[Opening Data provided section]

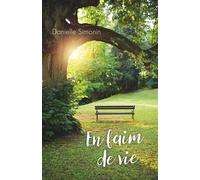 En faim de vie - Danielle Simonin - Librinova - broché - Roman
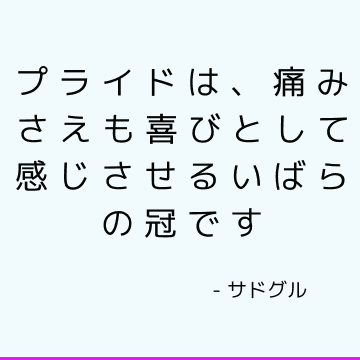 プライドは、痛みさえも喜びとして感じさせるいばらの冠です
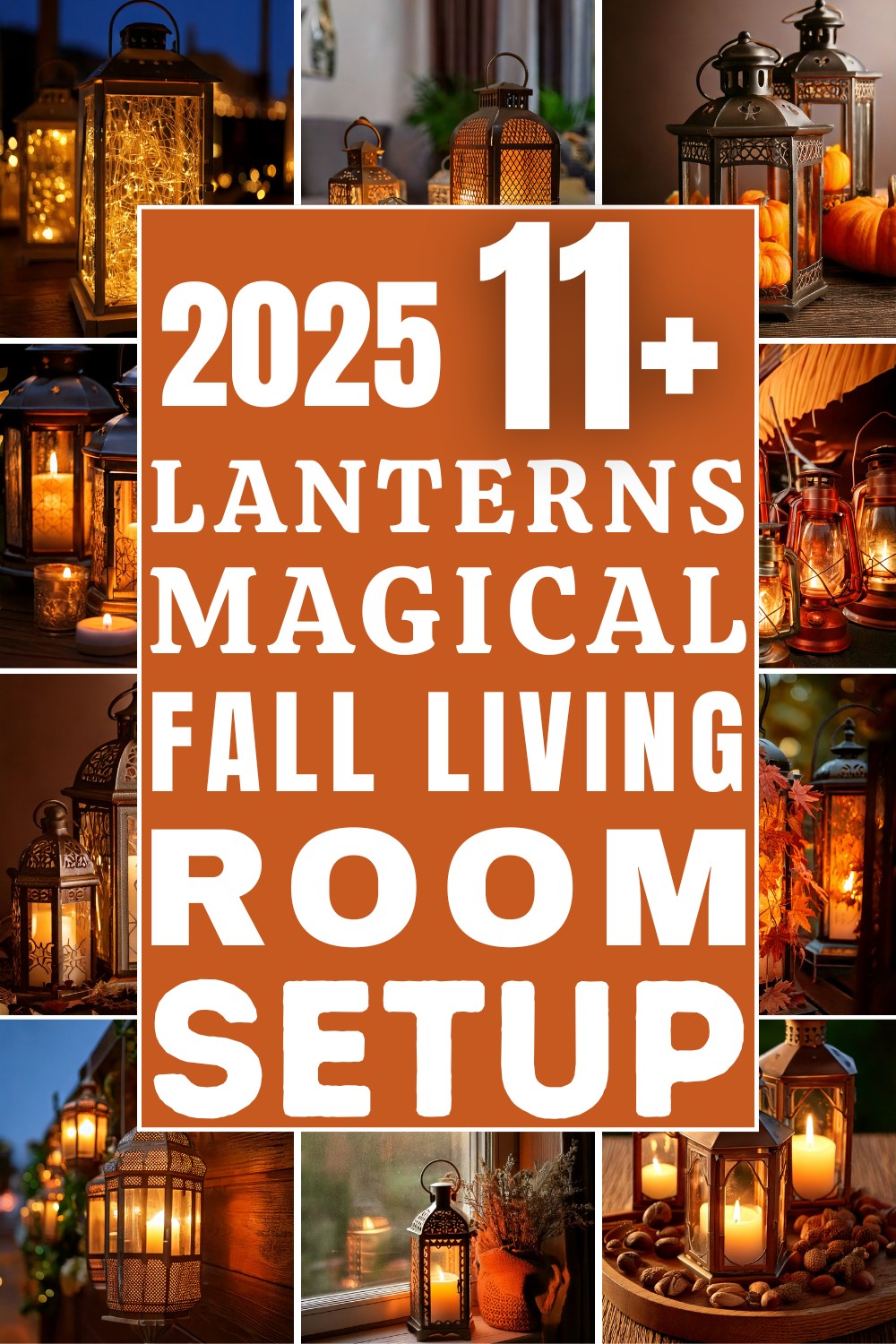 11 Lanterns Magical Fall Living Room Setup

[Closing Data provided section]

* Aim of the exercise *
A word-for-word copy is required of the lines above from the line with "プライドは、痛みさえも喜びとして感じさせるいばらの冠です" through the last line of the data; no other lines and no pictures belong in it.

* Completed task *
 プライドは、痛みさえも喜びとして感じさせるいばらの冠です
 11 Lanterns Magical Fall Living Room Setup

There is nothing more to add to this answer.